Symmetric Monoidal Categories and Evil Relations According to MacLane, a monoidal category is symmetric if we have maps $\gamma_{a,b}:a\Box b\cong b\Box a$ and coherence relations, one in particular which states $\gamma_{a,b}\circ\gamma_{b,a}=1$.  Is this relation "evil" in the sense of category theorists? That is, should it be an isomorphism of morphisms rather than equality?
This question can just be generall extended to a question regarding commutative diagrams in general.  My experience thus far has been that such diagrams show equality of maps, but is this a much stronger notion than isomorphism? Does this question make sense?
Thanks!
 A: I found the coherence axioms for monoidal categories very confusing until I realized that what they are really trying to say is the following. Given a monoidal category $\mathcal{M}$ and a sequence $O_1, \dots, O_n$ of objects (ordered), there are various ways of making sense of 
$$O_1 \otimes \dots \otimes O_n$$
all of which correspond to a choice of parenthesization. If we have associator isomorphisms as in the definition of a monoidal category, then we can get  functorial maps between one choice of parenthesization and another; however, one actually gets several maps corresponding to different choices of associators. So a priori the order of parenthesization matters only up to isomorphism, but the isomorphism is not uniquely determined a priori. The coherence axioms state that the isomorphism is unique (whichever choice of associators you make, you'll get the same maps); that is, $O_1 \otimes \dots \otimes O_n$ can be defined in a manner unique up to canonical isomorphism. In the symmetric monoidal case, the axiom states that $\prod_A O_a$ can be defined in a manner unique up to canonical isomorphism when $A$ is an arbitrary finite (unordered) set. 
There is a more general notion than a commutative diagram in a higher category. For instance, in a 2-category (here, just a strict one), one can say that a square diagram is 2-commutative; this means that the two ways of going around a diagram are related by a natural transformation. This leads to the notion of a 2-fibered product. The notion of a 2-fibered product is important when you want to keep track of higher morphisms; for instance, it is the appropriate notion for stacks (which form a 2-category).
Another example is in topology; one can think of a 2-commutative diagram as a diagram which commutes up to a specified homotopy.

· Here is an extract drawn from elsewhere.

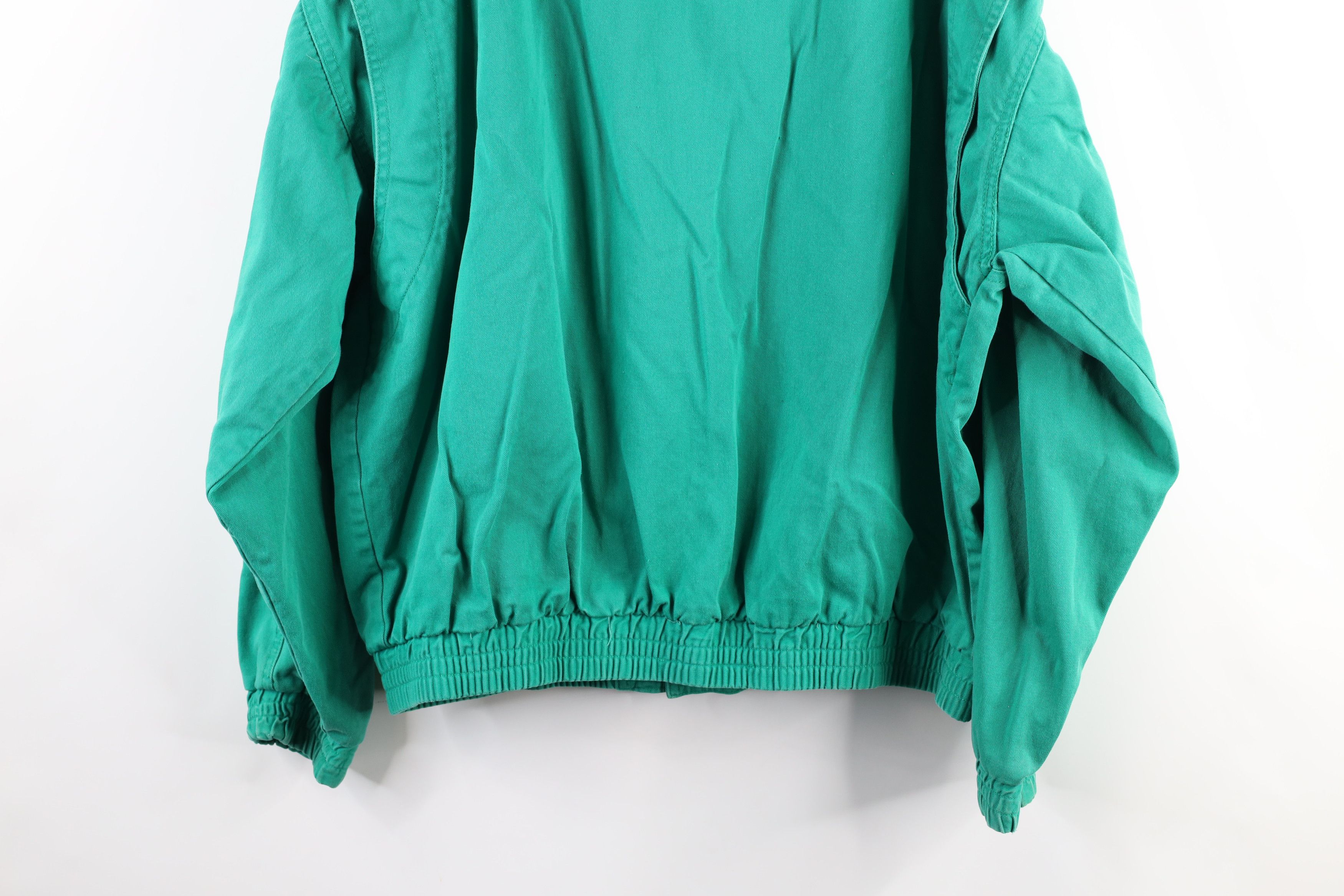 Gap × Vintage Vintage 90s Gap Faded Blank Cotton Canvas Bomber Jacket Size US L / EU 52-54 / 3 - 9 Thumbnail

In a monoidal higher category, the coherence axioms become 2-commutative diagrams instead of plain commutative diagrams, and the 2-morphisms in the 2-commutativity themselves have to satisfy coherence conditions of their own. This is kind of messy, but Lurie has developed a way of hiding the coherence axioms of a monoidal category in DAG II (so as to generalize to $(\infty, 1)$-categories). I don't really understand enough to say too much here.
A: I found the idea about how not to prove the following

Theorem (Coherence for monoidal categories) Every monoidal category is equivalent to some strict monoidal category.

(which comes from Leinster book, page 15) somehow illuminating. Another good reference is May's notes on TQFTs; coehrence is treated in par. 18, page 24.
Have a good reading!